The problem:
The expected output is an exact copy of each line from the line with "Customer photo review" through the end of the data below, with no pictures in it.

(Extracted data entries)
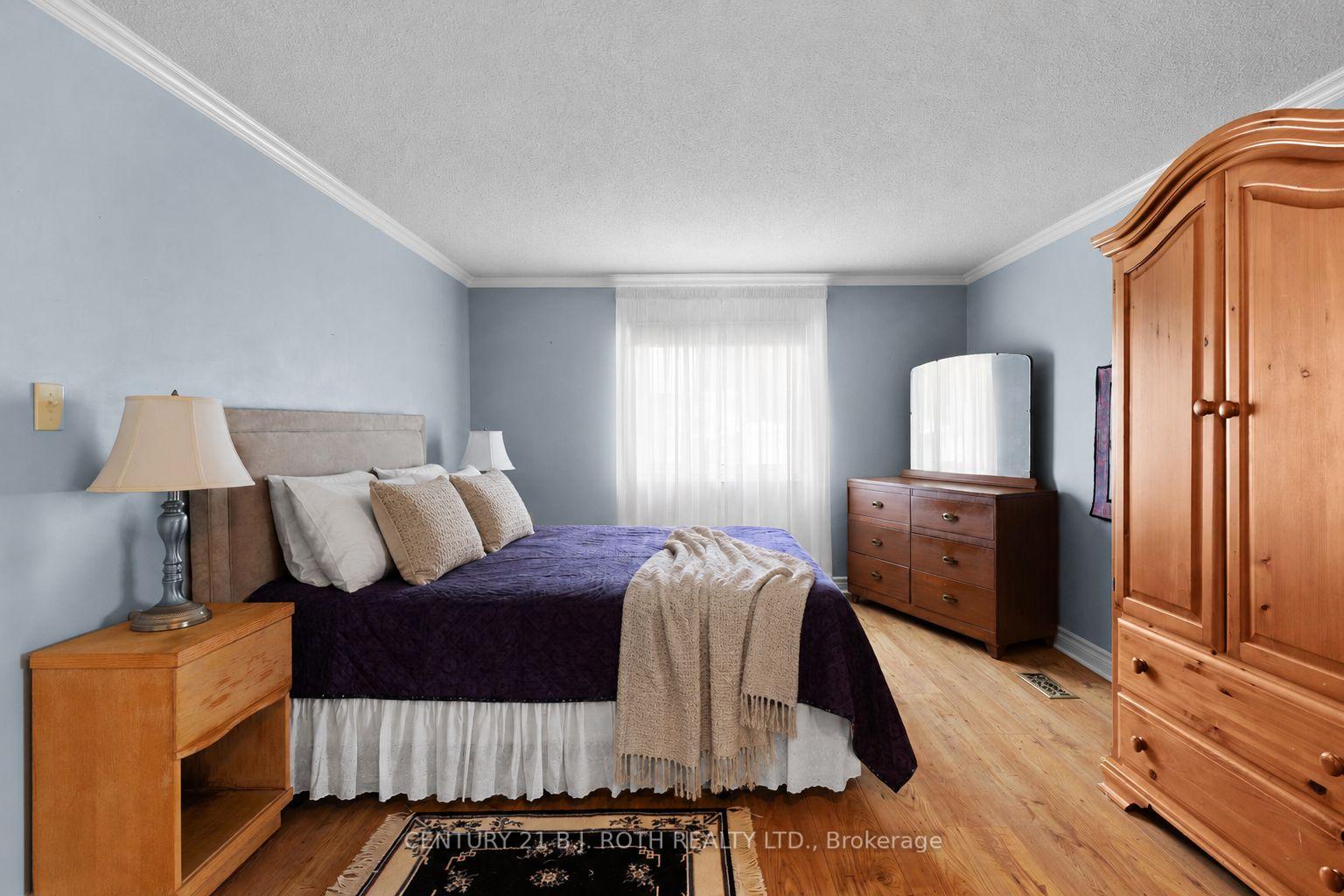Photo 8 of 19 Maple Crescent, Oro-Medonte, Rural Oro-Medonte — HOMEH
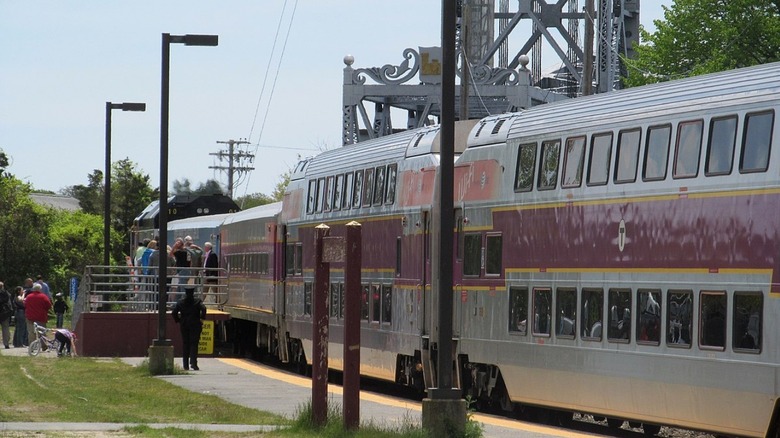 Cars of the CapeFLYER train trial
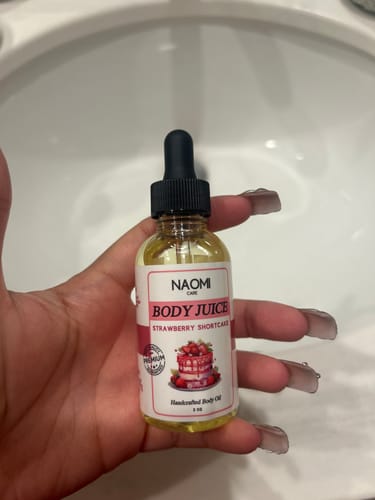 Customer photo review of BOGO Naomi Body Juice Oil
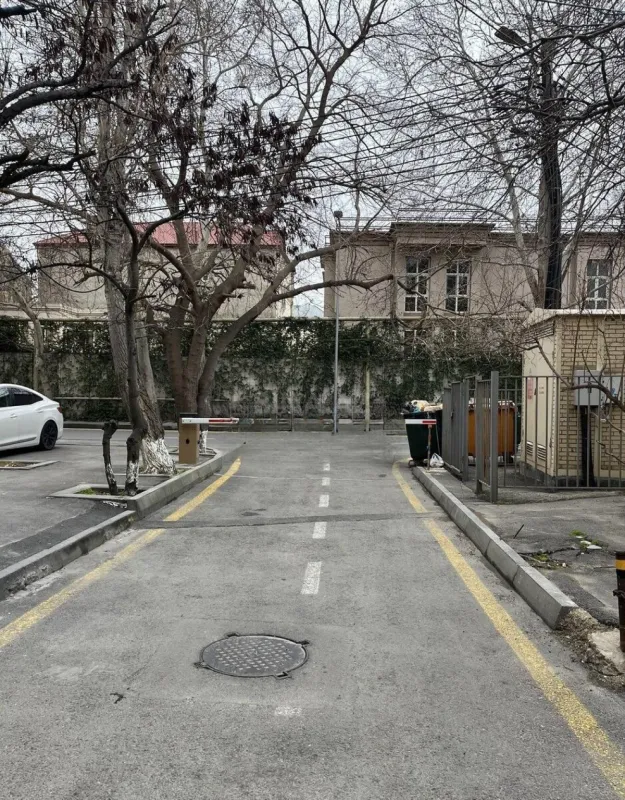 Satılır 2 otaqlı mənzil 70 m²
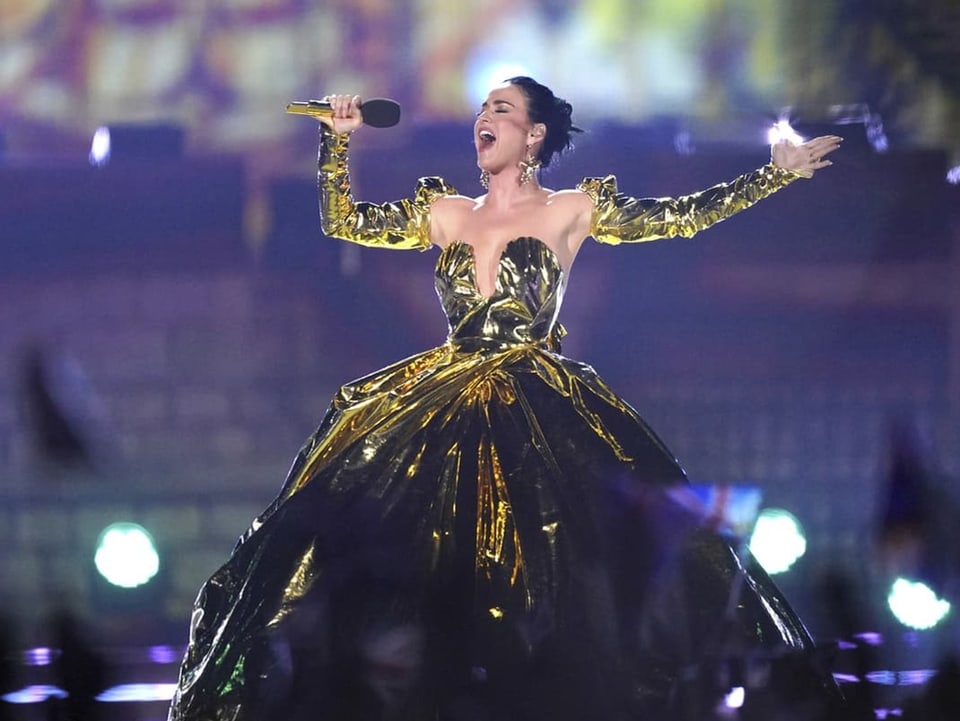 Katy Perry singend in einem goldenen Kleid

Reply:
 Customer photo review of BOGO Naomi Body Juice Oil
 Satılır 2 otaqlı mənzil 70 m²
 Katy Perry singend in einem goldenen Kleid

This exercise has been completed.